Their official website doesn’t mention anything (that I can find) about the status of the theatre building itself. Their box office at the building is open but all of their events for the 2008-09 season are at other temporary venues.

Ironically they had just began a new capital season about a year ago to raise several million dollars to do a range of infrastructure improvements.

rsalters (Ron Salters)
rsalters (Ron Salters) on September 29, 2008 at 6:40 pm

Every time a theater gets flooded out, that’s all we hear about here in CT is the organ. What about the rest of the building? Flood water does tremendous and expensive damage to a structure.

spectrum on September 28, 2008 at 7:17 pm

According to CRATOS, organ consoles at the Theatre Cedar Rapids are the Paramount were both flooded, particularly the one at the Paramount, which was toppled over and tossed around by 8+ feet of water. The console at the Theatre Cedar Rapids was hit by 4 feet of water but remained standing. Both organ consoles have been removed to a restoration site by the CRATOS, and will be restored.

Faustalicious on June 20, 2008 at 7:23 pm

CRATOS (The Cedar Rapids Area Theatre Organ Society) is providing updates on the situation with the organs (Paramount and Iowa Theatres) on or website:

rsalters (Ron Salters)
rsalters (Ron Salters) on June 14, 2008 at 6:41 pm

Anyone know how this theatre has fared in the terrible flooding of downtown Cedar Rapids? I visited the Iowa with a Theatre Historical Society group around 1985/6. It had been converted into a live house, and I seem to recall that they had remounted the famous ear-of-corn vertical blade sign outside.

Jakorns on March 30, 2008 at 6:48 am

The Barton theater organ was built for Barton by the Wangerin company of Oshkosh WI, because Barton had outsold their production capacity . It was the largest of the Wangerin built Bartons.

Jakorns on January 16, 2006 at 3:19 am

The building is not in bad shape, just a different configuration.
The big reasons for chopping the theatre were; 1. Plays need a more intimate space than a huge auditorium. 2. Royalties for plays and musicals are based on the number of seats available, not tickets sold. (Therefore you can hold 3 sell out shows in a 500 seat theatre or one non sell out show in a 1500 seat auditorium)

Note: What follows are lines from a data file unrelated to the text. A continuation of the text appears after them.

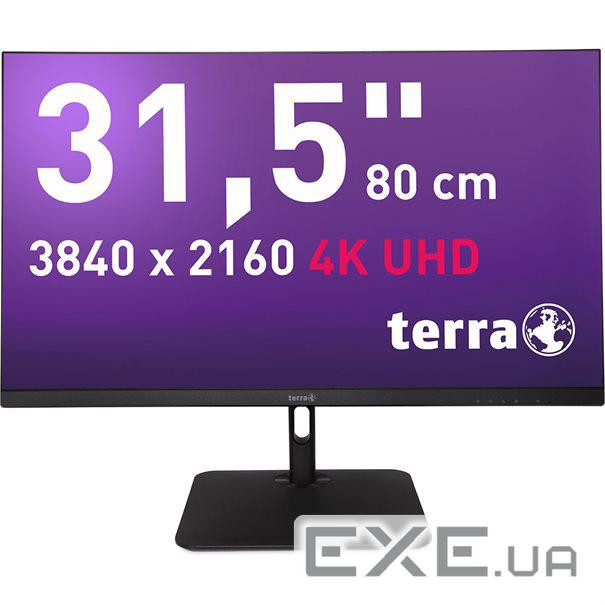 Монітор TERRA LCD/LED 3295W PV / MESSEWARE (3030254)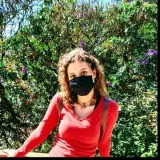Natasha - Professor de História (Ensino Superior) - 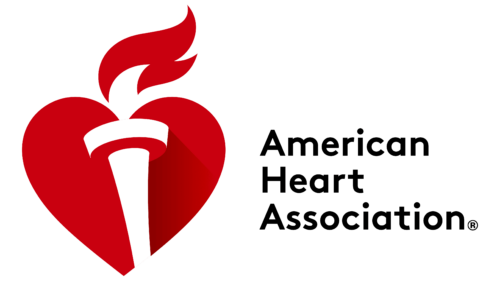Logo American Heart Association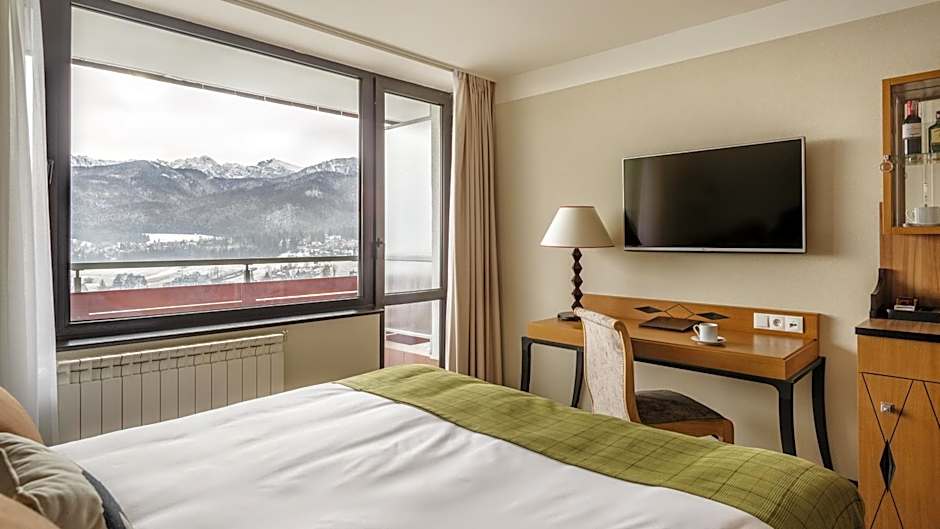 Bachleda Hotel Kasprowy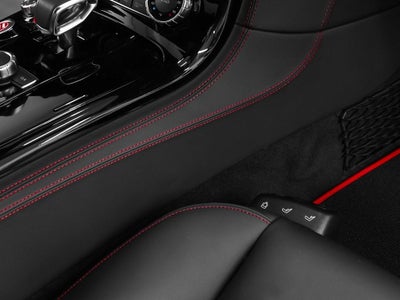 2013 Mercedes-Benz SLS AMG® GT SLS AMG® GT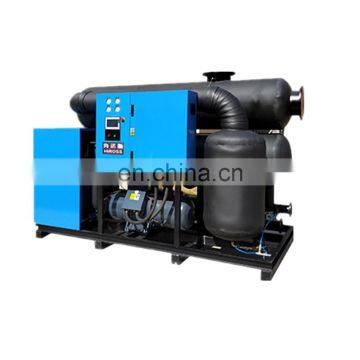 85Nm3/min Water Cooled Compressor  Refrigerated  Air Dryer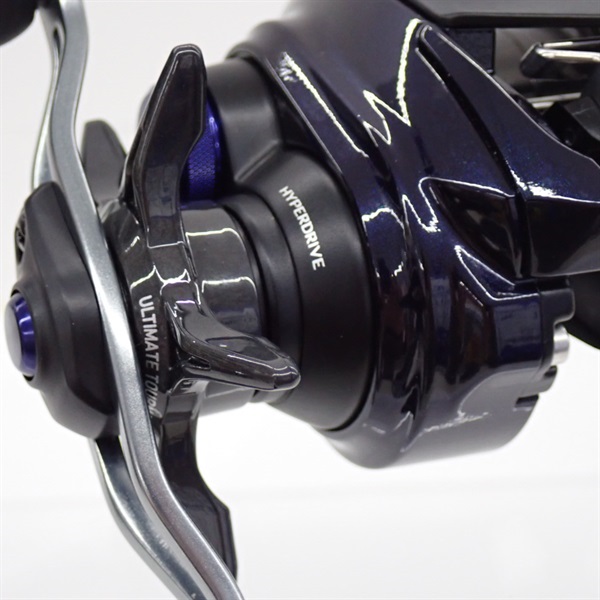 ソルティストＳＶ ＴＷ ８０ＸＨ右 ＰＥＳＰ
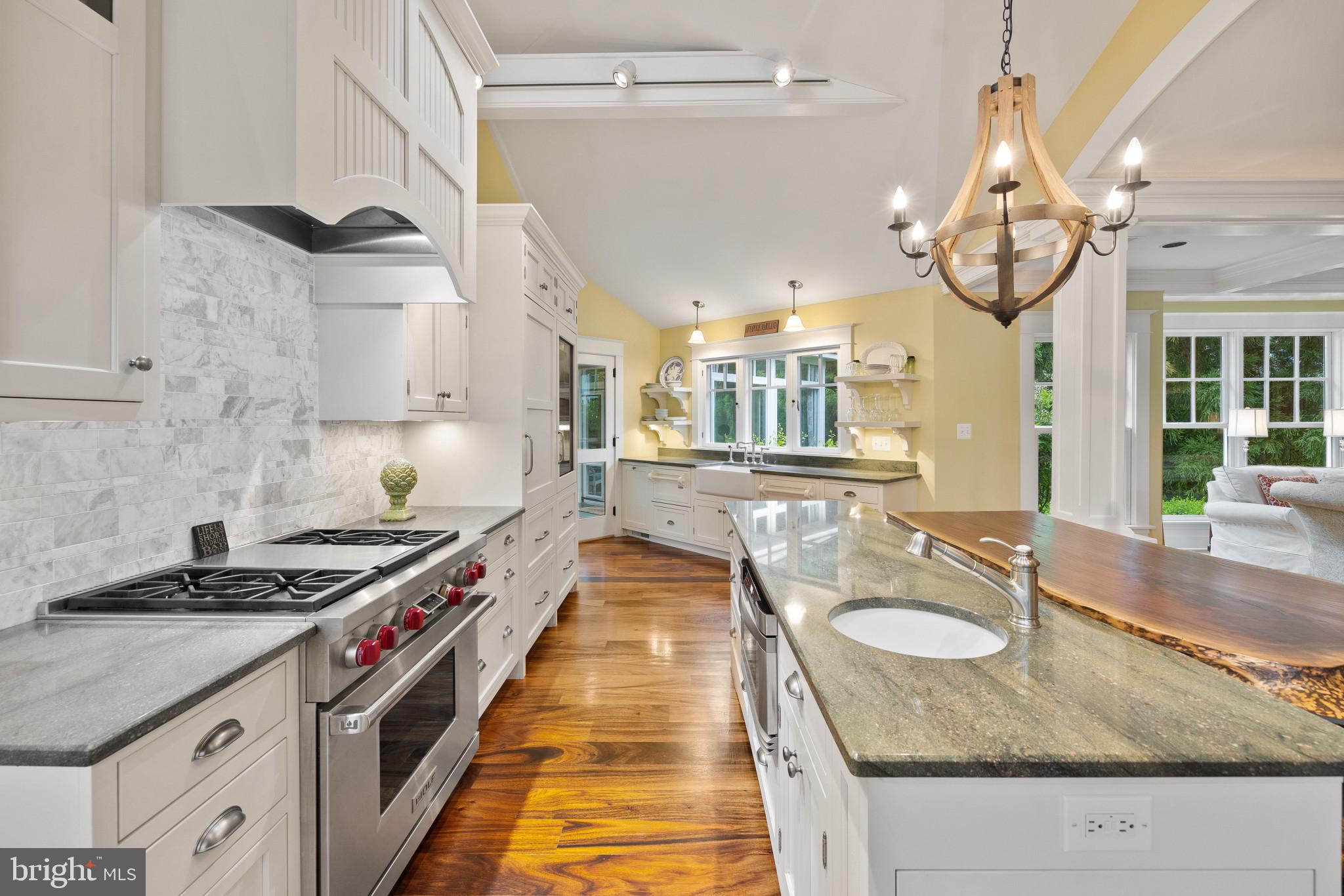 BAY RIDGE - Residential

In reality the theatre was not a typical “palace”. Its' design was more reminiscent of the Orpheum vaudeville houses of the late teens and early 20s. There was little in the way of lounges and foyers for handling the crowds. Basically it was a straight shot from the ticket lobby to the hallway behind the auditorium (it even had windows at the back of the main floor that were opened to the hallway). This was somewhat of a budget theatre that relied more on a gaudy paint job than fancy plaster. The promoter behind the theatre rushed to get it built before the Capitol (Paramount) opened and would out opulence all the other theatres in town.

If the community theatre had not bought the building it would be a parking lot now.

Tim87529 on October 20, 2005 at 11:07 pm

I remember driving by this theatre many times on the way to church. I always wondered if the building was abandoned. It’s a shame it’s in such bad shape; hopefully someday it can regain its former glory.

Jakorns on May 24, 2004 at 5:11 am

The original seating capacity was 1800. In 1967 the theatre was remodeled by Central States Cinemas. The original, narrow seats on the main floor were replaced by wider, modern seats. This reduced seating to about 1500. The chandeliers over the opera boxes were removed at this time, as was the vertical blade ear of corn sign.

I have photos of the theatre, then and now, on my web site.

William on December 5, 2003 at 5:46 pm

When the RKO’s Iowa Theatre was a movie theatre it seated 1832 people.